Recommendation 2: Recognize the successes of single step certification

Maintain single-step certification as an effective and fair method for trade union certification.

In June of 2022, the provincial government reinstated single-step certification. How workers can unionize has been a contentious issue throughout the past few decades of labour relations in BC, but the results since the reinstatement should speak for themselves.

Single-step certification successfully and objectively removes barriers to unionization.

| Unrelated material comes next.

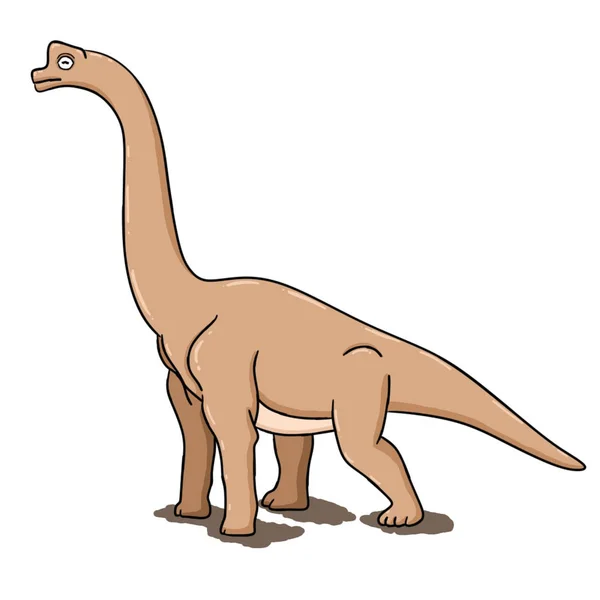 Brontosaurus Dinosaurier Dinosaurier Brontosaurus Illustration — Stockfoto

In 2023, the Board approved 195 applications for certification. This number is 36% increase over the 143 applications received in 2022. And in 2022 the number filings post Bill 10 was more than double those from the first half of the year.1 Workers are organizing at an impressive rate because there are fewer structural barriers and fewer opportunities for employers to interfere and intimidate workers.

Single step also helped workers achieve collective bargaining rights in traditionally harder to unionize sectors like arts, entertainment and recreation; construction; real estate and rentals leasing; and retail. For example, in 2022 successful applications in retail jumped from only three before single-step was implemented to nine2.

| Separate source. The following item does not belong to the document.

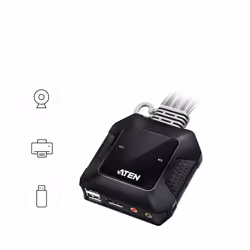 ATEN Switch KVM cablato ibrido DisplayPort USB-C a 2 porte - Vista aggiuntiva 6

To ensure the integrity of the single step process, the LRB has implemented an extensive membership card audit process. That process has found very few issues with cards. In 2022, 74 certification applications were audited, and concerns were statistically insignificant. In all cases the Board “was able to satisfy itself there was no issue with the veracity of the union’s application or the membership evidence submitted in support of it.3”

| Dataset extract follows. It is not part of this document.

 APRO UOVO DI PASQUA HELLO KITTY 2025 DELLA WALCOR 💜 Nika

But it’s not just about the numbers. It’s about the difference joining a union makes in a workers’ life. Sean McKenna, a worker who organized his workplace through single-step certification had this to say about single-step certification:

“The legislation changed partway through the union drive, and I honestly do believe it was the reason why were successful. After we had certified, we had some employees that might have been intimidated into not voting. Single-step certification allows a union to form more easily, more organically...Honestly, before, I didn’t think there was anything that we could do. We were at the mercy of an owner that we had to beg for raises, beg for safety. I feel a lot more positive going to work, seeing everybody there and know that we’re taking the steps to help them. This is exactly what unions are for.”4

We have asked our affiliates and their members to share more stories with you in their submissions and oral presentations.

Recommendation 3: Improve access to employee lists

Provide employee lists with contact information to organizers during a certification process once a trade union has signed cards from at least 20% of the eligible workers.

Access to accurate employee information allowing effective communication with workers is essential to fair organizing practices. Workers interested in unionizing in workplaces with a high number of remote workers, dispersed worksites, high turnover, shorter term employment contracts and those working through apps face unfair barriers. These new ways in which people are employed are now permanent features in our economy and the Code must be adapted accordingly to provide workers with meaningful access to union certification and collective bargaining.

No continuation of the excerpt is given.